Although I think the entire report should be required reading for anyone with an interest in the current media landscape, I’ll call attention to one particularly important stat in the article: A majority of adults in the United States (62 percent) now get the majority of their news via social media.
Unsurprisingly, this is an increase from the last time the data was gathered in 2013, and it tells us something about how we should be thinking about delivering the most meaningful, engaging content to audiences. I think we’ve known for several years now that simply building a nice website and filling it with great stories and content is no longer going to work.
My colleagues and I have spent a lot of time over the past year learning to understand how teens use Snapchat to connect with content. (Pony Sam Tuttle’s interview with her brother about his Snapchat practices is a nice little window into this world.) Snapchat content is ephemeral, as most people know, but a good Snapchat story can truly make a connection and have meaning for the person viewing it.
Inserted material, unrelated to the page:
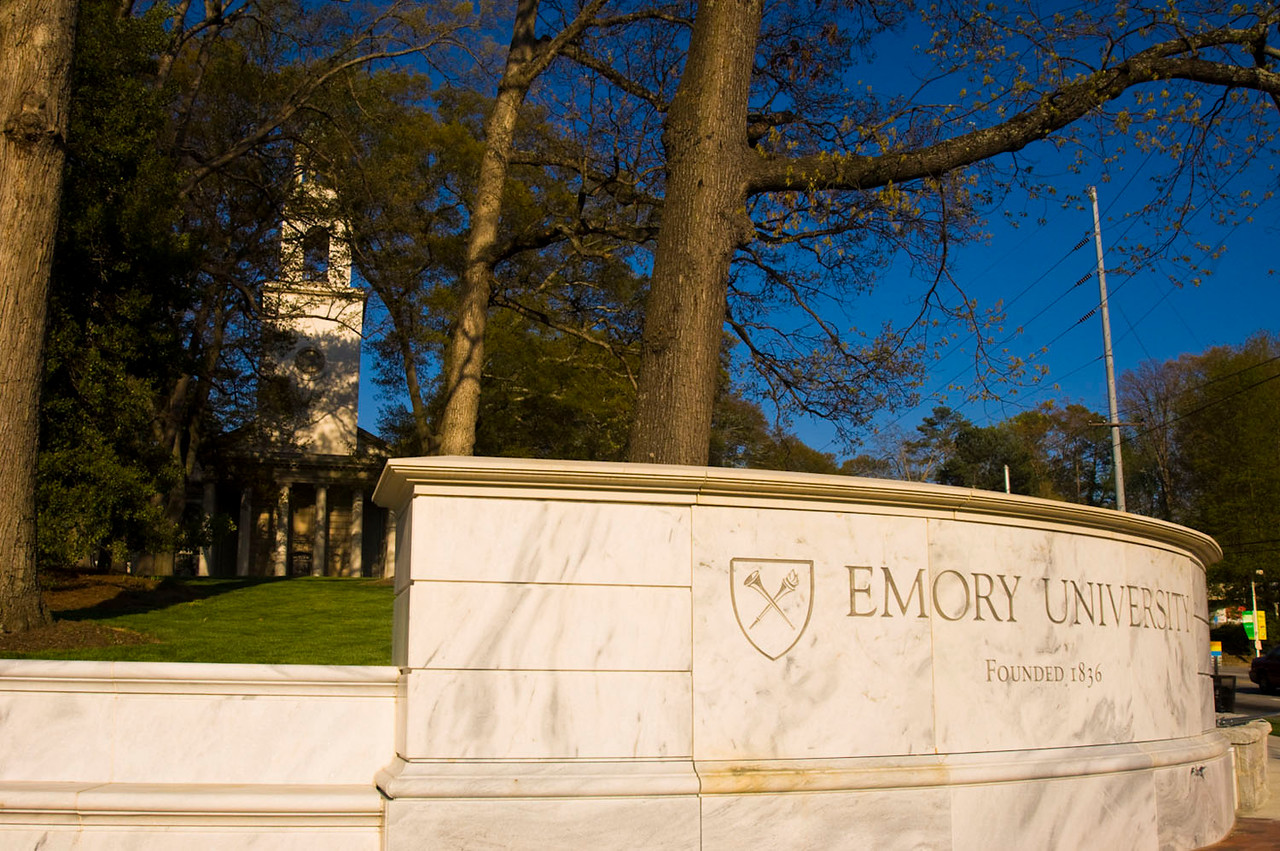 12 Emory Virtual Desktop Tips For Easy Access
Snapchat stories can give you a behind-the-scenes, exclusive peak at a brand or a person’s life. Snapchat fans love it for the raw, in-the-moment feel and ability to peek behind the curtain, so to speak. There is an art to Snapchat storytelling and delivery.
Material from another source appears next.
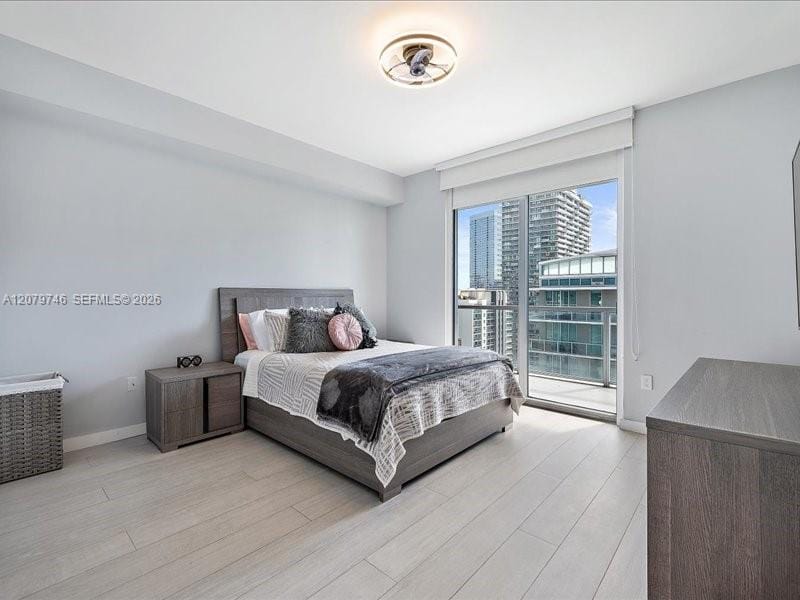 1111 SW 1st Avenue UPH4015, Miami, FL 33130 photo 11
Just as brands have realized how to connect to consumers on Snapchat, many reporters have figured out that Snapchat is a great way to connect with an audience, and even though we think of that audience as primarily 12-to-25-year-olds, I’d be willing to bet that your grandma will be Snapping sometime in the next two years, too. (Mom already is.)
I was proud to work on another storytelling effort with our client, Blue Cross Blue Shield of Minnesota, in which we spotlighted the innovative work Blue Cross supports across the state. The Blue Cross Trailblazer Tour launched a few weeks ago and will roll out over the entire summer. Each week, a new story will be unlocked in a new locale showcasing all the ways that Blue Cross works (often with partners) to promote health equity. Although the stories live on a website of their own, we expect that most audience members will be led to their next tour stop via Facebook, LinkedIn and Twitter.
Granted, these examples are from marketing rather than journalism, but these are lessons we all must heed, given the state of the news media in 2016. We no longer live in an age where people set their home page to their favorite news source – nor do we live in an age where a news app is the first (or second or third) opened app on your phone. Rather, social media has become the gateway to readers. Social strategy should not be a secondary piece of content strategy, but rather, something that is considered as the story develops, keeping in mind the demographic details of your audience all the while. The best way to reach an audience with meaningful content depends almost as much on your distribution savvy as your ability to tell the story.